RECORD EXCERPTS: Begin
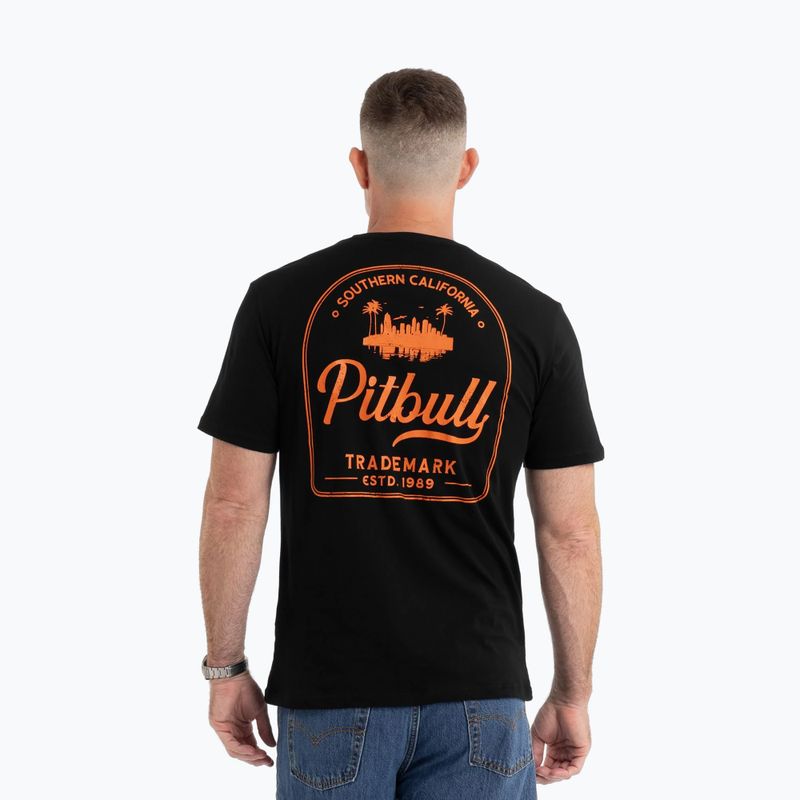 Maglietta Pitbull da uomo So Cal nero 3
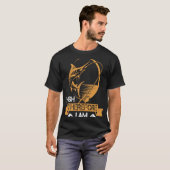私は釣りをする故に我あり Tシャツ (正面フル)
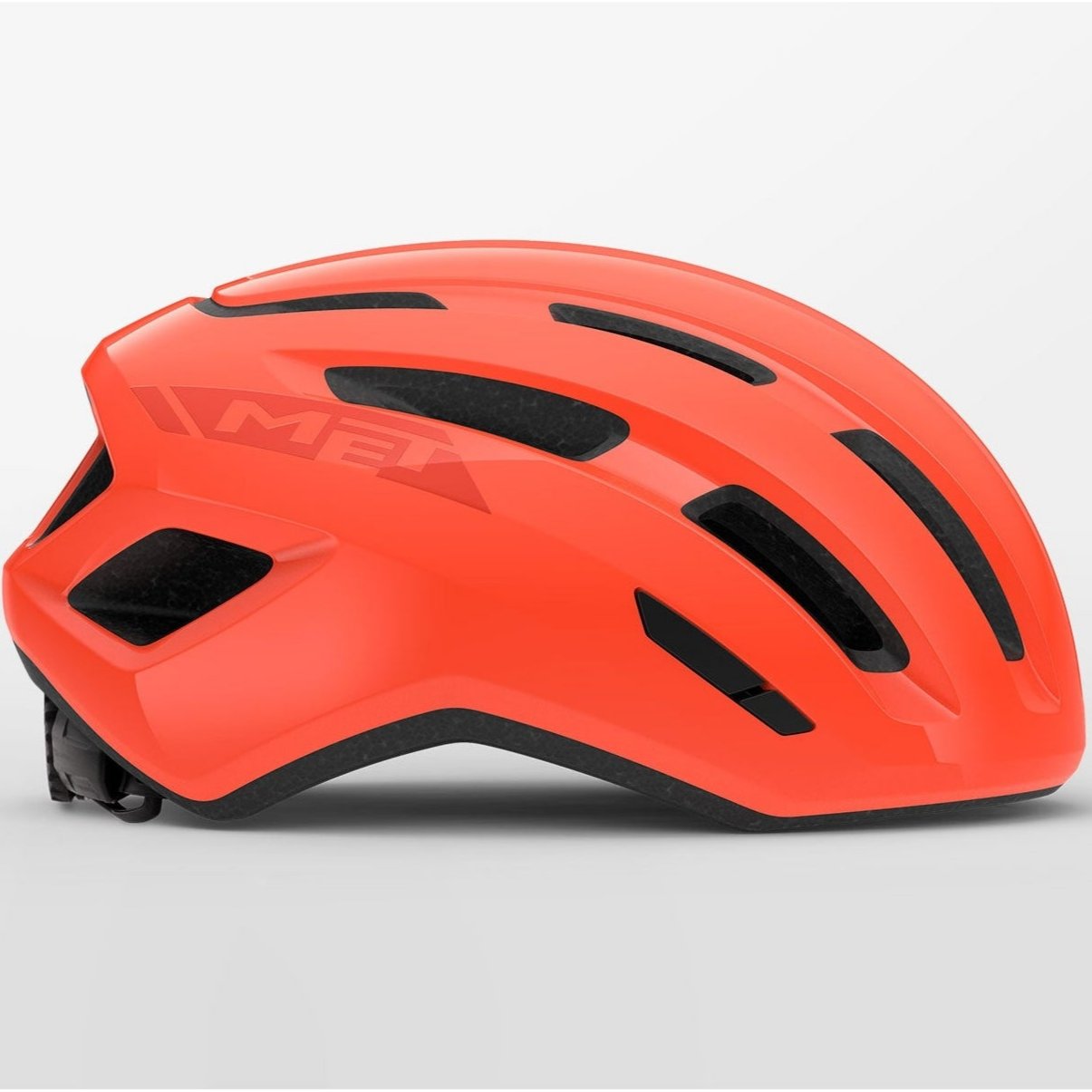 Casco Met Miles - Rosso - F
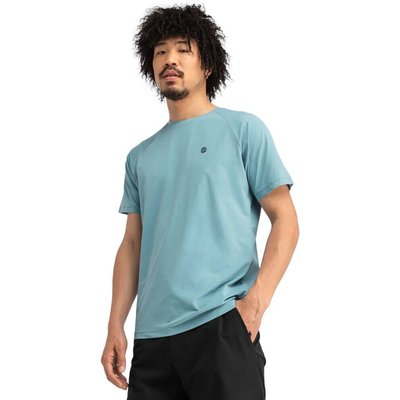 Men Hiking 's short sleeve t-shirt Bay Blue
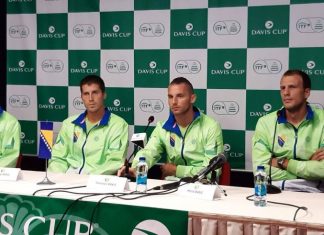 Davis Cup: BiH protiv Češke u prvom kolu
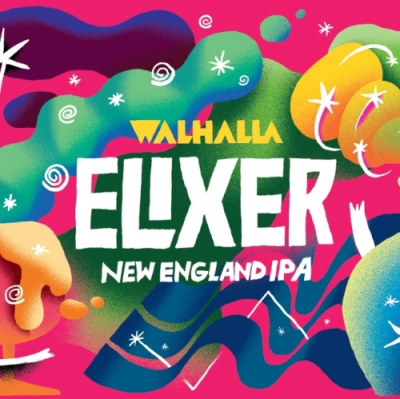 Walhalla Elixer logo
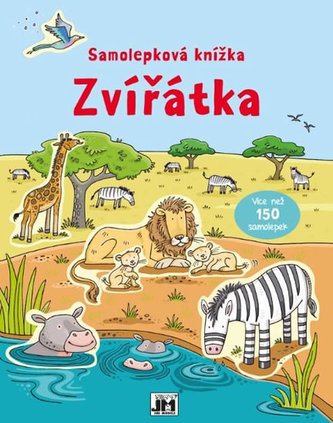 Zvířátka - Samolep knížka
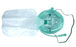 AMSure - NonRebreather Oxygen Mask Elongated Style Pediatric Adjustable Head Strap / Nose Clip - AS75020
RECORD EXCERPTS: End
● AIM OF THE TASK
Beginning with the line in which "Davis Cup: BiH protiv Češke u prvom kolu" appears, repeat exactly each line down to the close of the material, leaving every picture out.

● RESULT OF THE EXERCISE
 Davis Cup: BiH protiv Češke u prvom kolu
 Walhalla Elixer logo
 Zvířátka - Samolep knížka
 AMSure - NonRebreather Oxygen Mask Elongated Style Pediatric Adjustable Head Strap / Nose Clip - AS75020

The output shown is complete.